Identification of characteristic ELM evolution patterns with Alfven-scale measurements and unsupervised machine learning analysis*
POSTER
Abstract
Edge localized mode (ELM) saturation mechanisms, filament dynamics, and multi-mode interactions require nonlinear models, and validation of nonlinear ELM models requires fast, localized measurements on Alfven timescales.
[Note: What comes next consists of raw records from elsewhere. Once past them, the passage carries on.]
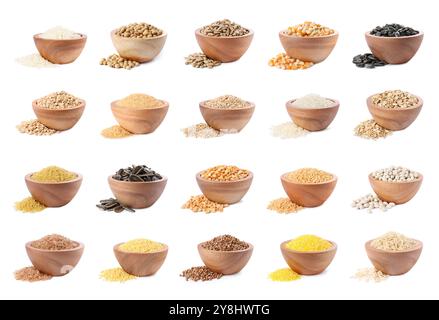 Different cereal grains, seeds and beans in bowls on white background, collection Stock Photo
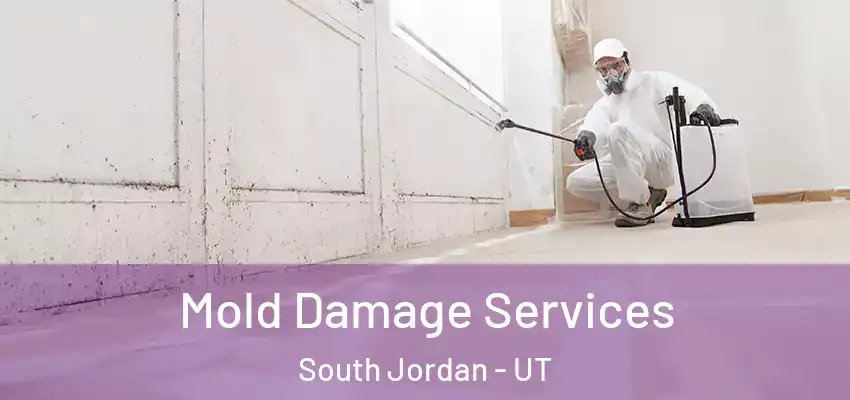  Mold Damage Services South Jordan - UT
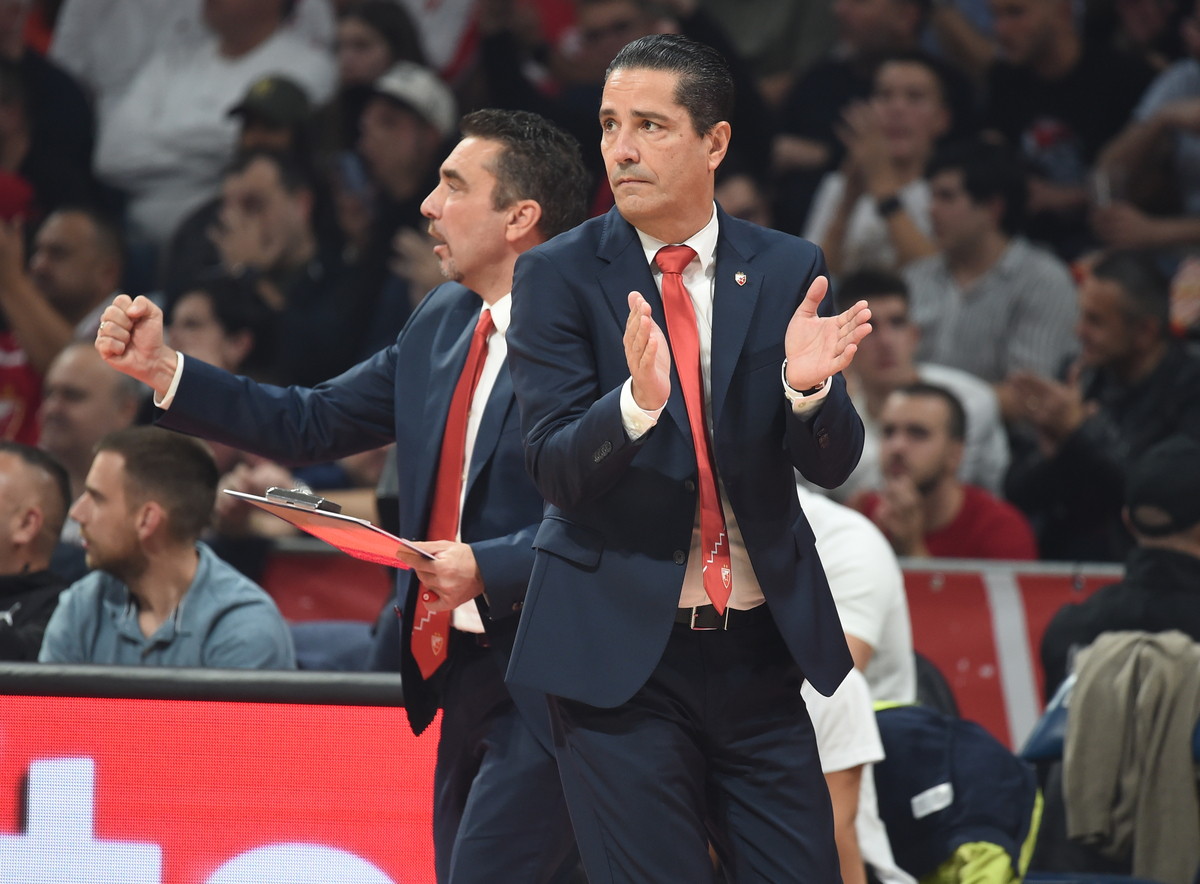 IOANNIS SFAIROPOULOS Joanis Sferopulos, trener kosarkasa Crvene zvezde, na utakmici Evrolige protiv Fenerbahcea, u Beogradskoj Stark areni. Beograd, 14.11.2023. Foto: Nebojsa Parausic / MN Press Kosarka, Euroleague, Crvena zvezda, Fenerbahce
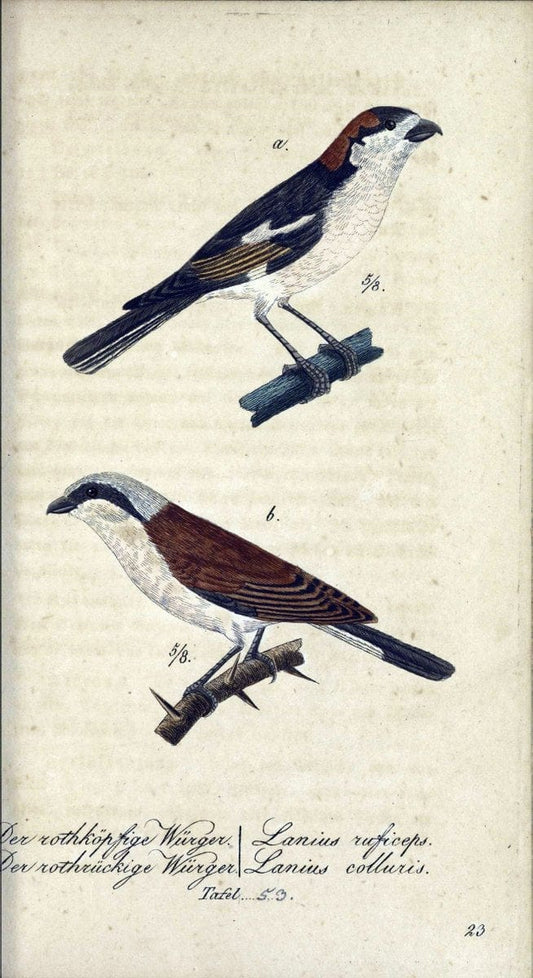 Deutschlands VoÌˆgel in Abbildungen nach der Natur mit Beschreibungen /.NuÃŒË†rnberg :in de | Birds Germany "Pictorial works"  | Vintage Print Reproduction 469124
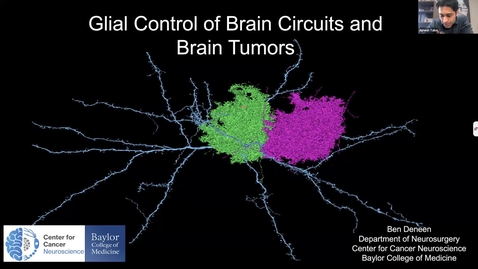 Thumbnail for SNRI Seminar Series: Benjamin Deneen, PhD | January 29, 2026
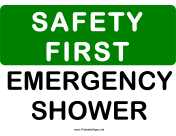 Safety Emergency Shower 2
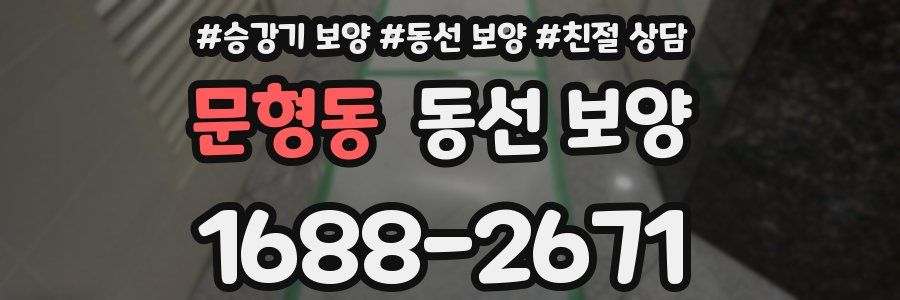 문형동 동선 보양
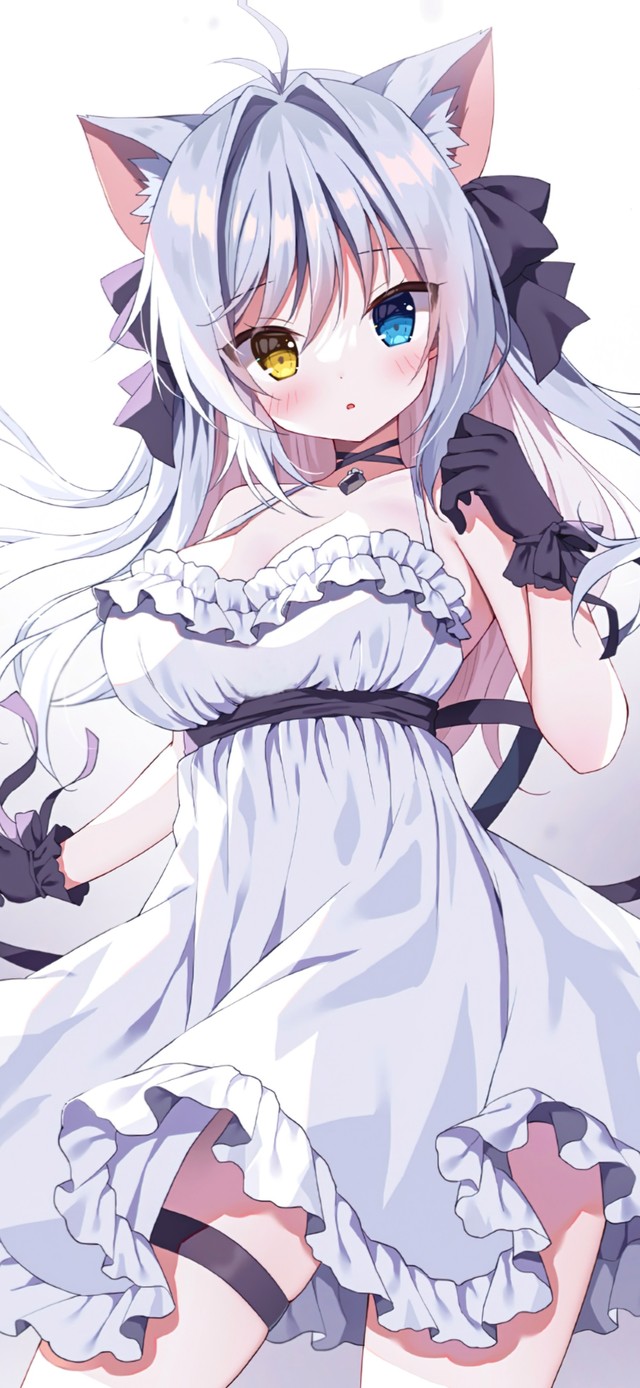 4K清纯可爱猫耳少女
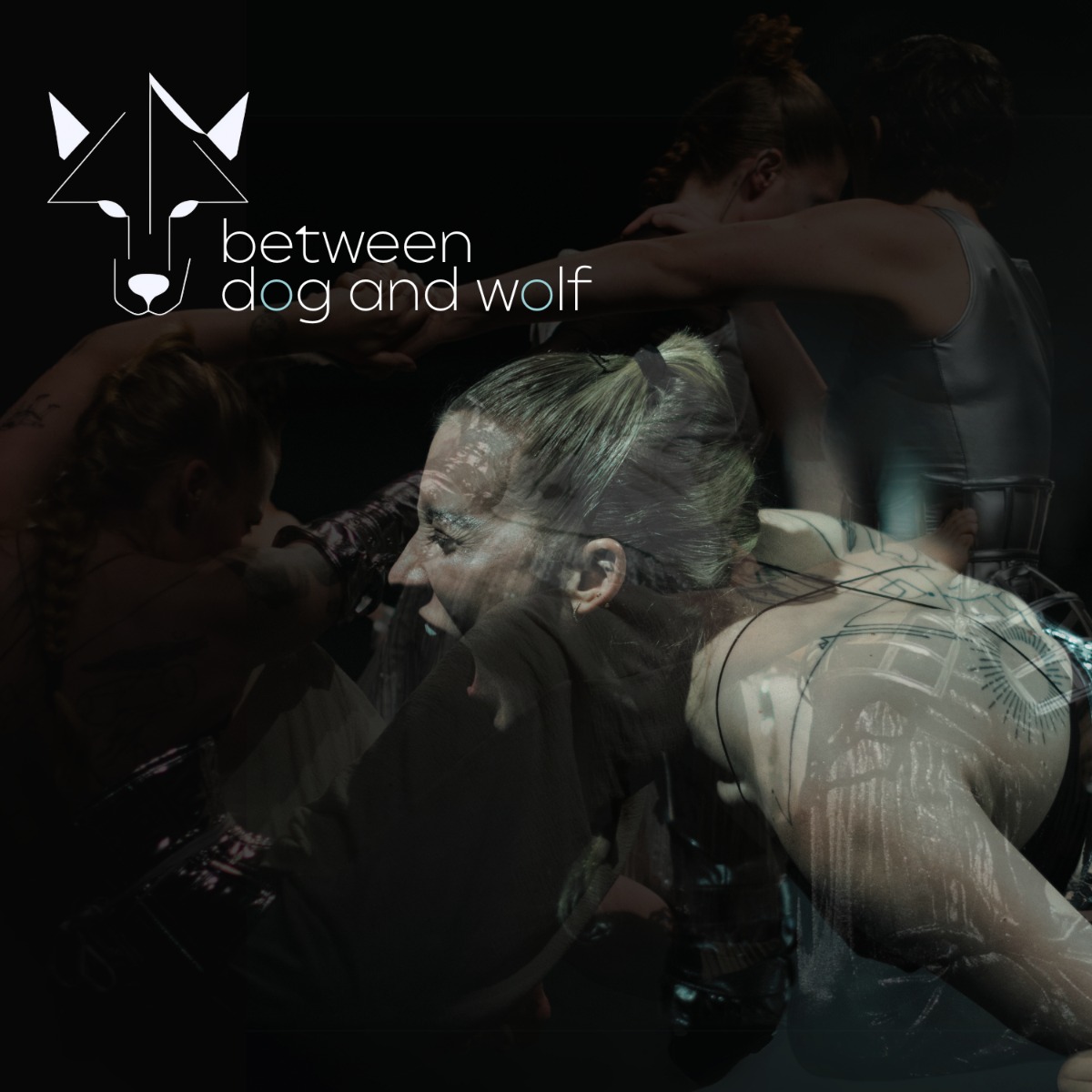 Between Dog And Wolf PROMO IMAGE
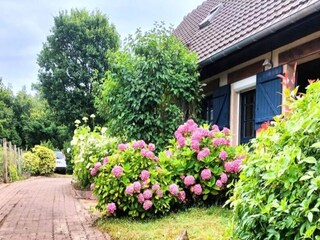 Appartement Cucq Buitenaudio-opname 3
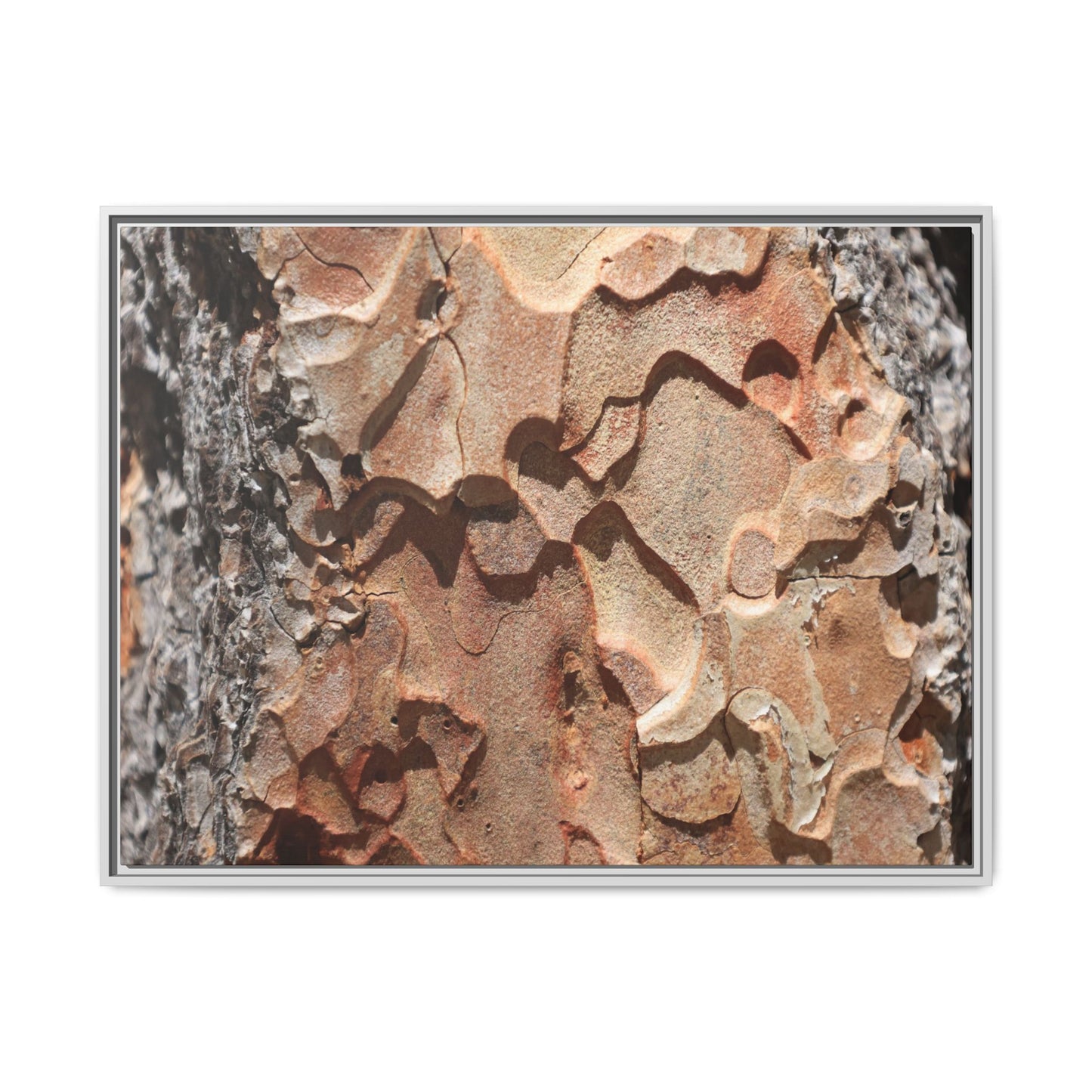 Rust and Stone - Unique Stretched Canvas Wall Art - Art By Earth
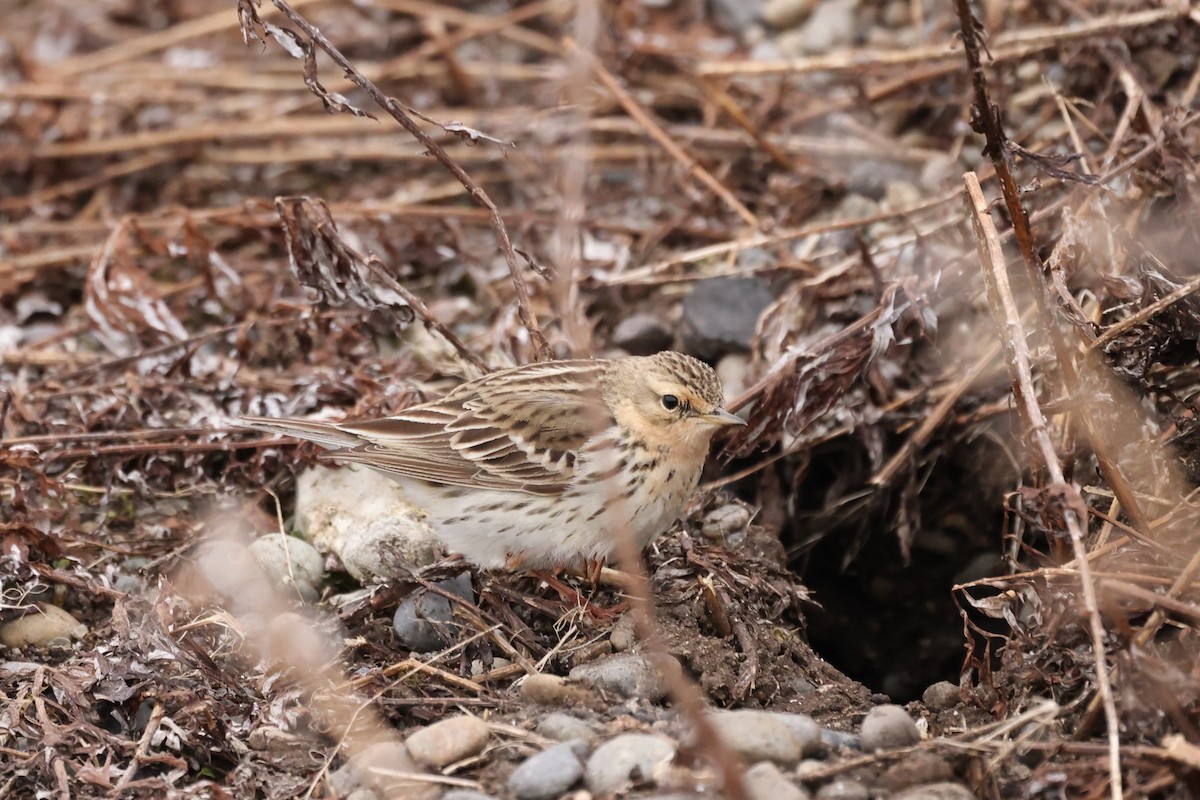 Red-throated Pipit - ML620611229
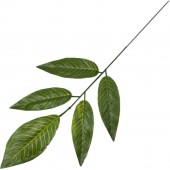 Ветка манго 5 листьев, СН43-5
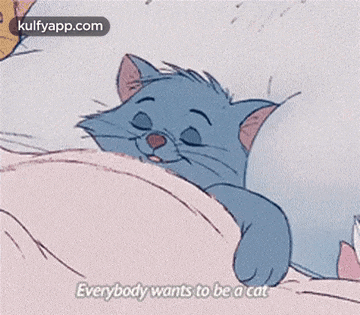 a cartoon cat laying on a bed with a caption that says everybody wants to be a cat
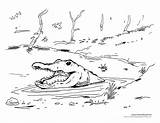 Alligator Cajun Swamp Habitat Cowboys Coloringhome sketch template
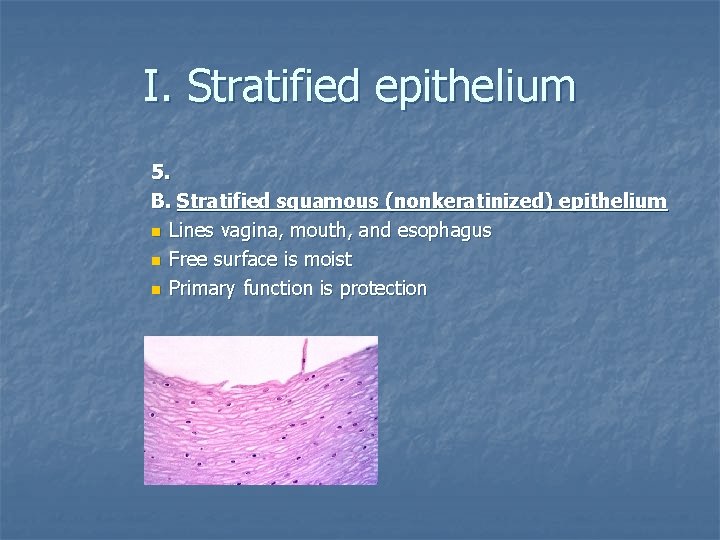 I. Stratified epithelium 5. B. Stratified squamous (nonkeratinized) epithelium n Lines vagina, mouth, and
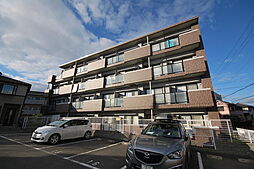 ロベリアコート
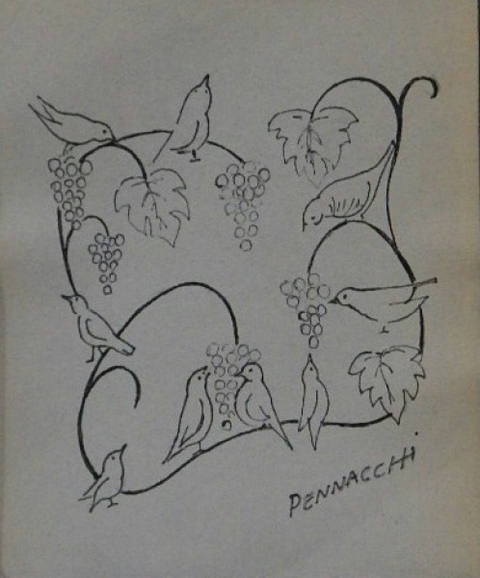 Pássaros
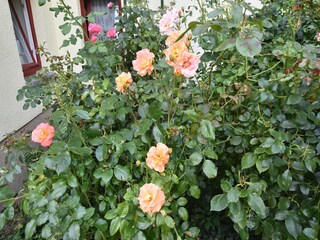 Appartement Alt Bukow Buitenaudio-opname 12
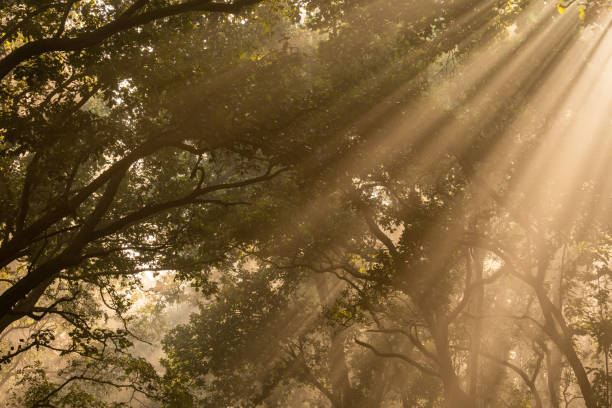 istock Natural Tyndall effect or phenomenon by sunlight or light rays scattering beam of light through sal trees in cold winter mornings at dhikala jim corbett national park forest uttarakhand india asia 1485067437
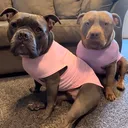 @barkavenue131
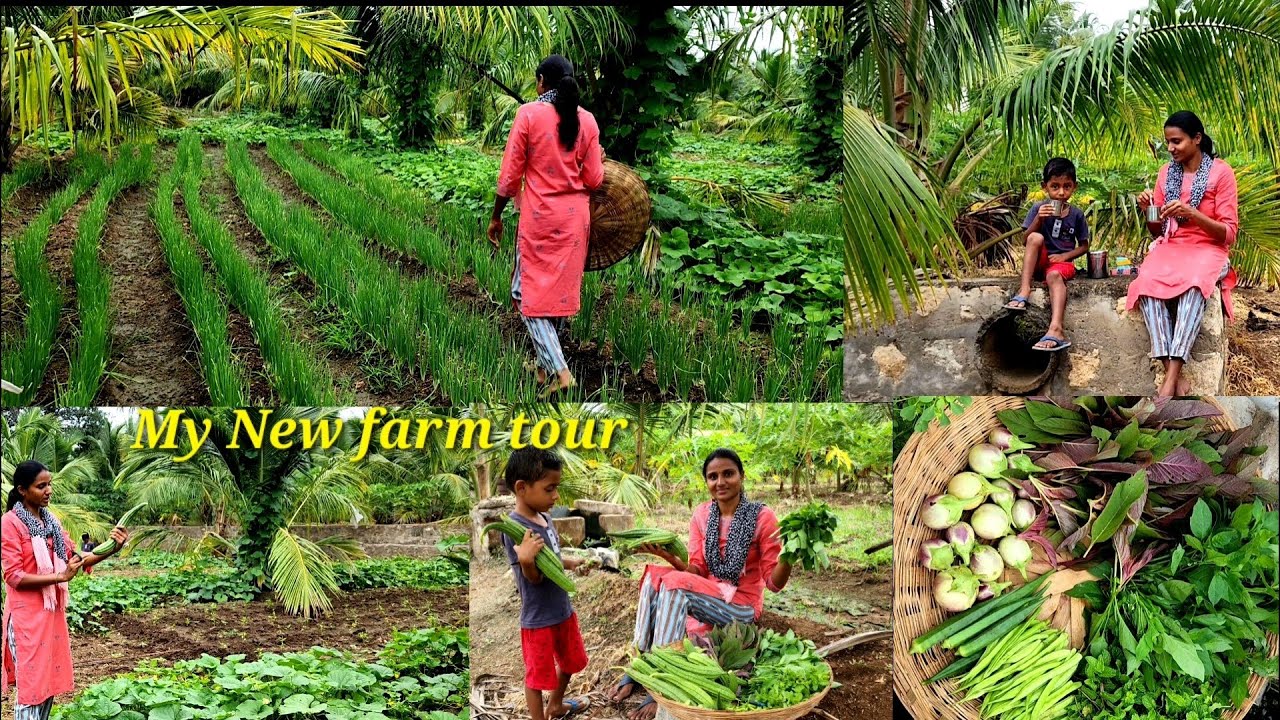 My New farm fresh vegetable harvesting|காய்கறி அறுவடை|One day life of farmer's|villagelife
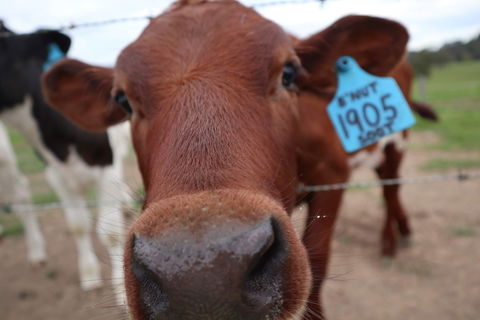 Farm Visit  Dungog - Accommodation Adelaide 2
Recently, we investigated characteristic ELM evolution patterns with Alfven-scale measurements from the NSTX/NSTX-U beam emission spectroscopy (BES) system [1].~We~applied clustering algorithms from the machine learning domain to ELM time-series data. ~The algorithms identified two or three groups of ELM events with distinct evolution patterns. In addition, we found that the identified ELM groups correspond to distinct parameter regimes for plasma current, shape, magnetic balance, and density pedestal profile [1].~The observed characteristic evolution patterns and corresponding parameter regimes suggest genuine variation in the underlying physical mechanisms that influence the evolution of ELM events and motivate nonlinear MHD simulations. Here, we review the previous results for characteristic ELM evolution patterns and parameter regimes, and we report on a new effort to explore the identified ELM groups with 2D BES measurements and nonlinear MHD simulations. [1] D. R. Smith et al, PPCF 58, 045003 (2016). *Supported by U.S. Department of Energy Award Numbers DE-SC0001288 and DE-AC02-09CH11466.